Every entry in the listing below is to be output unchanged.

::::

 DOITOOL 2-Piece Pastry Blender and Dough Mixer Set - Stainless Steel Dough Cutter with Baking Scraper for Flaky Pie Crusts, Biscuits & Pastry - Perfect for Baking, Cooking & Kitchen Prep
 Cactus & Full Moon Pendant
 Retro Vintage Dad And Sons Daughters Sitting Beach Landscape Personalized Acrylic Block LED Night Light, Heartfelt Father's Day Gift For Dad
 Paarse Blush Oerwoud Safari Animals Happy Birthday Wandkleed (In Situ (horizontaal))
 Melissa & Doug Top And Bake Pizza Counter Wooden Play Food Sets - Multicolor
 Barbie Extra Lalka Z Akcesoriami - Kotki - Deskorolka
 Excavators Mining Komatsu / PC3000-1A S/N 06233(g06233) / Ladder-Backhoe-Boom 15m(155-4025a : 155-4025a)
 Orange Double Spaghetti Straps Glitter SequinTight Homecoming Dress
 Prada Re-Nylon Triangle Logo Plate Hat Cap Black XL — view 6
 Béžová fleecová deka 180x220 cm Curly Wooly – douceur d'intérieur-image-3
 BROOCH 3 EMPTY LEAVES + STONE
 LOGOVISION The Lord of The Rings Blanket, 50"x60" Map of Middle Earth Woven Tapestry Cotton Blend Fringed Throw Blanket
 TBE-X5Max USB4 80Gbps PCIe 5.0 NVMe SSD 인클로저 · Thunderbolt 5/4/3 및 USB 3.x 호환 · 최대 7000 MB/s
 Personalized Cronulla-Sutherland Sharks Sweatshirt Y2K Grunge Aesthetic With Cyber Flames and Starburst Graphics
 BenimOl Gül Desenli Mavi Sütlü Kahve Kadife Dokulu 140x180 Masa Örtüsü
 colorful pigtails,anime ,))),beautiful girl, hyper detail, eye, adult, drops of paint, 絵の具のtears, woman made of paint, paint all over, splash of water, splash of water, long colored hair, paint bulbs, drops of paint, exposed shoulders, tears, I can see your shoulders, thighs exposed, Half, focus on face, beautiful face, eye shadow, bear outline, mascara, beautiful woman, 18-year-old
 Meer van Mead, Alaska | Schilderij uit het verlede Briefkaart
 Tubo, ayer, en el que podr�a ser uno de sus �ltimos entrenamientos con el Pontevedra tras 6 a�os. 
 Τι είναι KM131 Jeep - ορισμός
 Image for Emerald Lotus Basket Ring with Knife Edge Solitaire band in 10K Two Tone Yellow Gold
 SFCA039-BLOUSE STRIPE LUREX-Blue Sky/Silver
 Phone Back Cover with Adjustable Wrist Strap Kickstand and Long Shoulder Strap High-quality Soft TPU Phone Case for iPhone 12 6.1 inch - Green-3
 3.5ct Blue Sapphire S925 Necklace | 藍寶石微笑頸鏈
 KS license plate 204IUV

::::

▶ **Exercise response**
 DOITOOL 2-Piece Pastry Blender and Dough Mixer Set - Stainless Steel Dough Cutter with Baking Scraper for Flaky Pie Crusts, Biscuits & Pastry - Perfect for Baking, Cooking & Kitchen Prep
 Cactus & Full Moon Pendant
 Retro Vintage Dad And Sons Daughters Sitting Beach Landscape Personalized Acrylic Block LED Night Light, Heartfelt Father's Day Gift For Dad
 Paarse Blush Oerwoud Safari Animals Happy Birthday Wandkleed (In Situ (horizontaal))
 Melissa & Doug Top And Bake Pizza Counter Wooden Play Food Sets - Multicolor
 Barbie Extra Lalka Z Akcesoriami - Kotki - Deskorolka
 Excavators Mining Komatsu / PC3000-1A S/N 06233(g06233) / Ladder-Backhoe-Boom 15m(155-4025a : 155-4025a)
 Orange Double Spaghetti Straps Glitter SequinTight Homecoming Dress
 Prada Re-Nylon Triangle Logo Plate Hat Cap Black XL — view 6
 Béžová fleecová deka 180x220 cm Curly Wooly – douceur d'intérieur-image-3
 BROOCH 3 EMPTY LEAVES + STONE
 LOGOVISION The Lord of The Rings Blanket, 50"x60" Map of Middle Earth Woven Tapestry Cotton Blend Fringed Throw Blanket
 TBE-X5Max USB4 80Gbps PCIe 5.0 NVMe SSD 인클로저 · Thunderbolt 5/4/3 및 USB 3.x 호환 · 최대 7000 MB/s
 Personalized Cronulla-Sutherland Sharks Sweatshirt Y2K Grunge Aesthetic With Cyber Flames and Starburst Graphics
 BenimOl Gül Desenli Mavi Sütlü Kahve Kadife Dokulu 140x180 Masa Örtüsü
 colorful pigtails,anime ,))),beautiful girl, hyper detail, eye, adult, drops of paint, 絵の具のtears, woman made of paint, paint all over, splash of water, splash of water, long colored hair, paint bulbs, drops of paint, exposed shoulders, tears, I can see your shoulders, thighs exposed, Half, focus on face, beautiful face, eye shadow, bear outline, mascara, beautiful woman, 18-year-old
 Meer van Mead, Alaska | Schilderij uit het verlede Briefkaart
 Tubo, ayer, en el que podr�a ser uno de sus �ltimos entrenamientos con el Pontevedra tras 6 a�os. 
 Τι είναι KM131 Jeep - ορισμός
 Image for Emerald Lotus Basket Ring with Knife Edge Solitaire band in 10K Two Tone Yellow Gold
 SFCA039-BLOUSE STRIPE LUREX-Blue Sky/Silver
 Phone Back Cover with Adjustable Wrist Strap Kickstand and Long Shoulder Strap High-quality Soft TPU Phone Case for iPhone 12 6.1 inch - Green-3
 3.5ct Blue Sapphire S925 Necklace | 藍寶石微笑頸鏈
 KS license plate 204IUV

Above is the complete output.